The board also recommended Meta should begin labeling manipulated media that does not violate its policies, and that it should include manipulated audio and edited videos showing people “doing things they did not do” as violations of the manipulated media policy.

“Meta needs to calibrate the Manipulated Media policy to the real world harms it seeks to prevent. The company should be clear about what those harms are, for example incitement to violence or misleading people about information needed to vote, and enforce the policy against them,” Oversight Board Co-Chair Michael McConnell said in a statement to CBS News. 

“In most cases Meta could prevent harms caused by people being misled by altered content through less restrictive means than removals, which is why we are urging the company to attach labels that would provide context about the authenticity of posts. This would allow for greater protection of free expression,” McConnell added.

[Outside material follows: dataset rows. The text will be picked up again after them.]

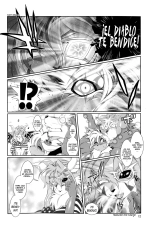 Mahou no Juujin Foxy Rena 8 : página 13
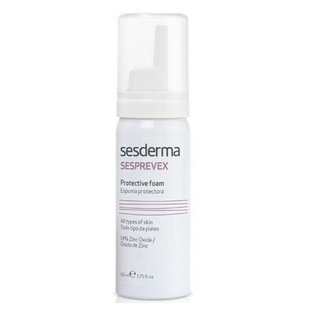 Защитная пена Sesderma Sesprevex Protective Foam 50 мл - основное фото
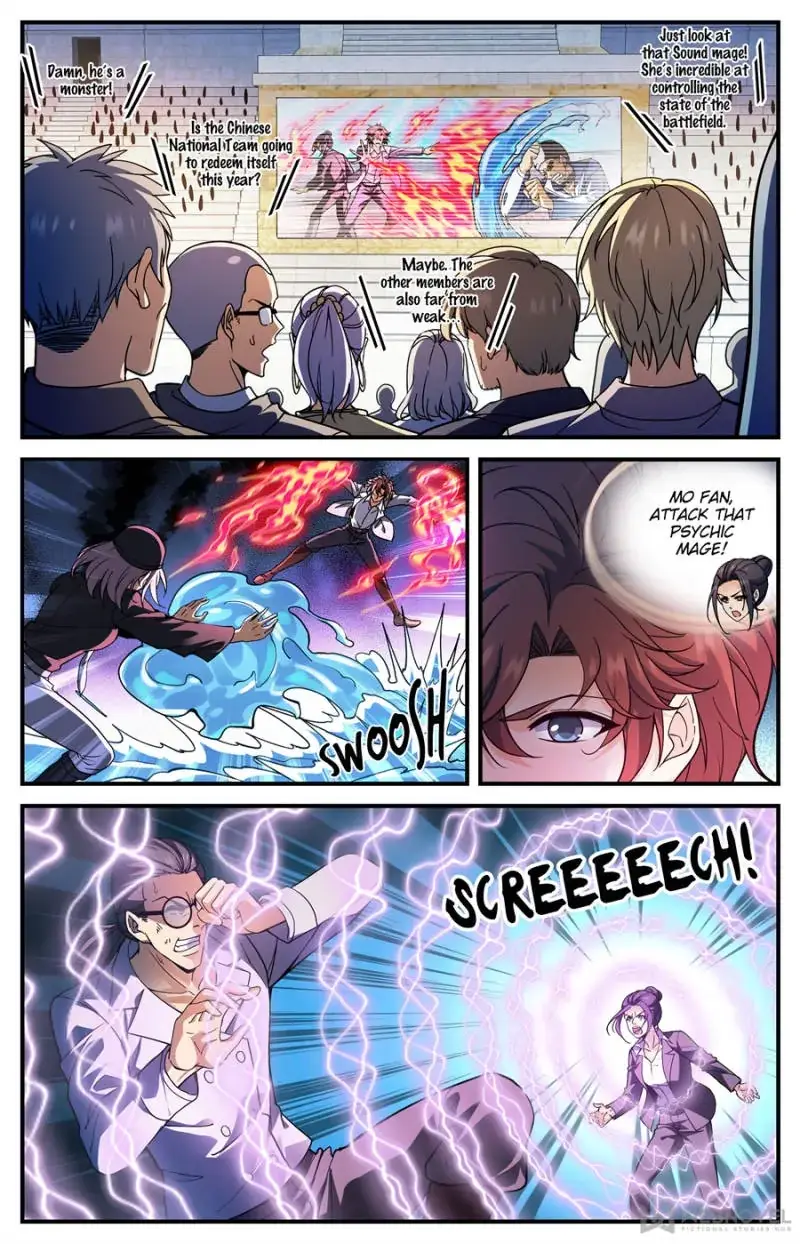 Read Versatile Mage Manga Online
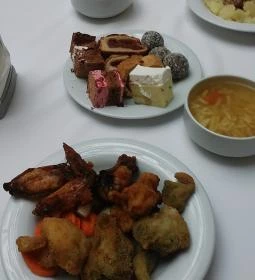 Hotel Aranybika Étterme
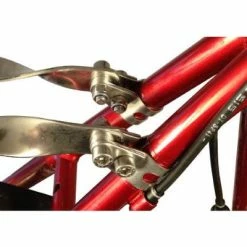 Colliers De Fixation Porte-bagages Pour Haubans Sans Trous Tubus -Porte-vélo Soldes Magasin colliers de fixation porte bagages pour haubans sans trous tubus full 3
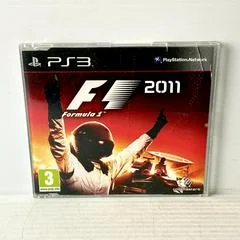 F1 2011 [Not For Resale] - Playstation 3 - Retrocharting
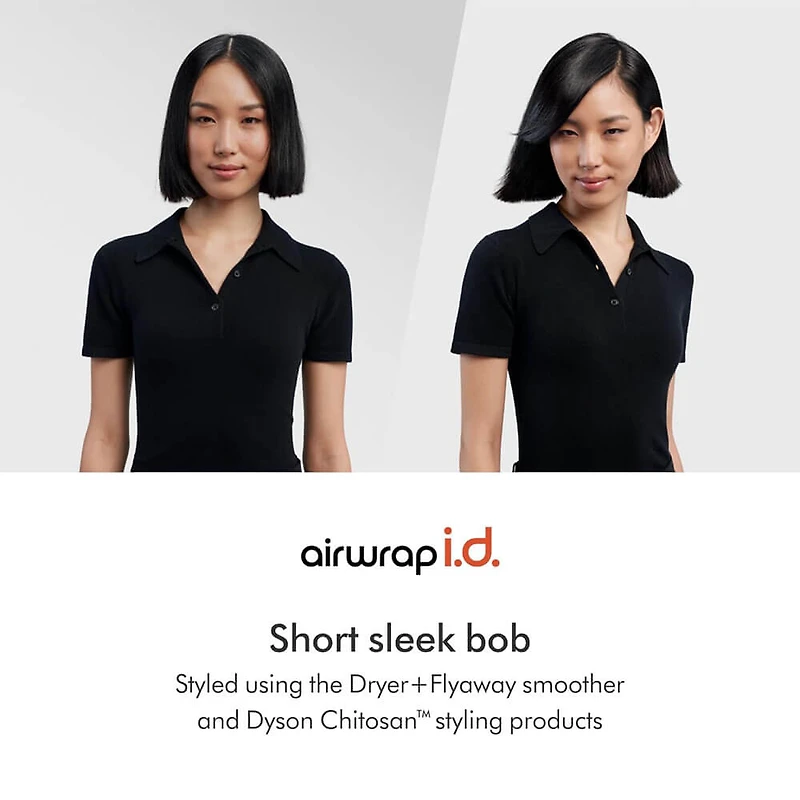 Airwrap i.d. 6-in-1 Smart Multi-Styler and Dryer for Straight and Wavy Hair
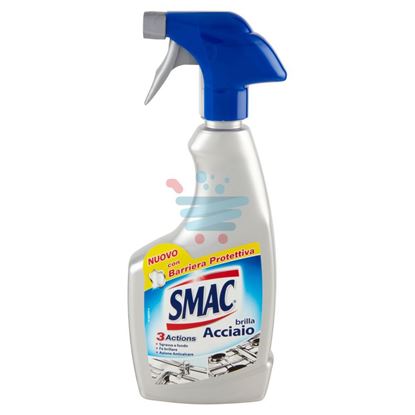 SMACK BRILLA ACCIAIO SPRAY 520ML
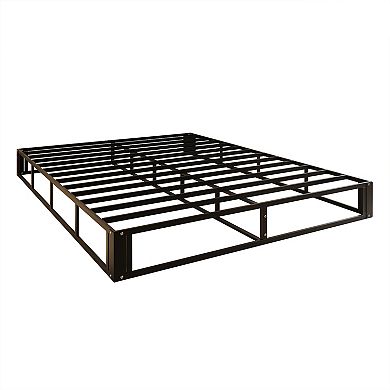 Classic Metal Box Spring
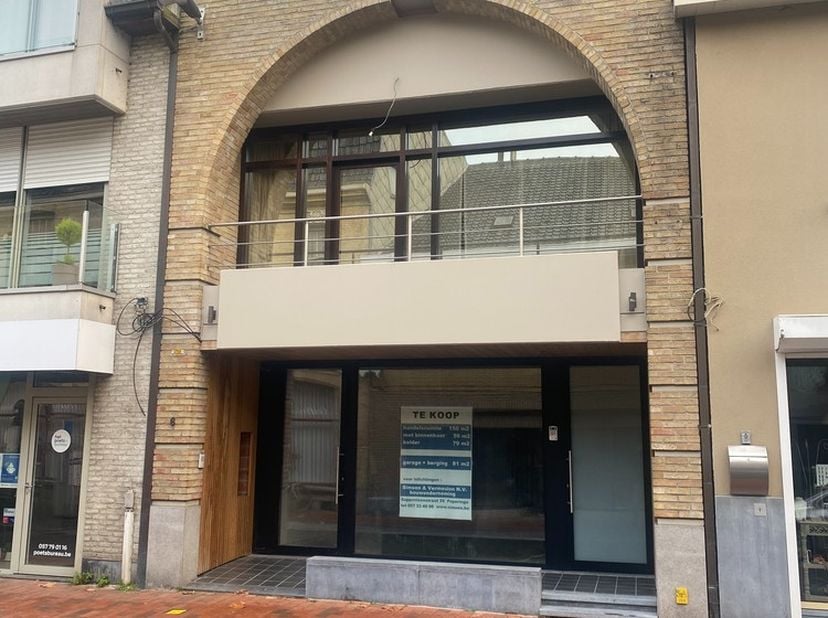 Appartement à vendre
                    à 8970 Poperinge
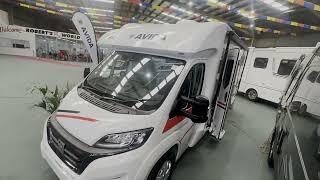 Discover the 2024 Avida RV Leura | Ultimate Tour & Features Walkthrough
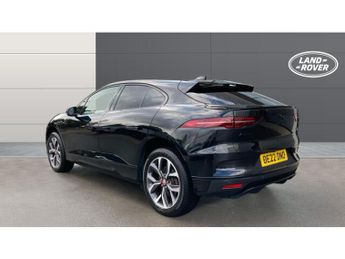 Jaguar I-Pace 294kW EV400 HSE Black 90kWh 5dr Auto 11kW Charger Electric Estat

“We are reviewing the Oversight Board’s guidance and will respond publicly to their recommendations within 60 days in accordance with the bylaws,” a Meta spokesperson wrote in a statement to CBS News. 

The board’s decision was released just a few days after Meta CEO Mark Zuckerberg and other tech company leaders testified before a Senate Judiciary Committee hearing about the impact of social media on children.

And it comes as AI and other editing tools make it easier than ever for users to alter or fabricate realistic-seeming video and audio clips. Ahead of last month’s New Hampshire primary, a fake robocall impersonating President Biden encouraged Democrats not to vote, raising concerns about misinformation and voter suppression going into November’s general election.

McConnell also warned that the Oversight Board is watching how Meta handles content relating to election integrity going into this year’s elections, after the board recommended the company develop a framework for evaluating false and misleading claims around how elections are handled in the U.S. and globally. 

“Platforms should keep their foot on the gas beyond election day and into the post-election periods where ballots are still being counted, votes are being certified, and power is being transitioned,” McConnell told CBS News. “Challenging an election’s integrity is generally considered protected speech, but in some circumstances, widespread claims attempting to undermine elections, such as what we saw in Brazil [in 2023], can lead to violence.”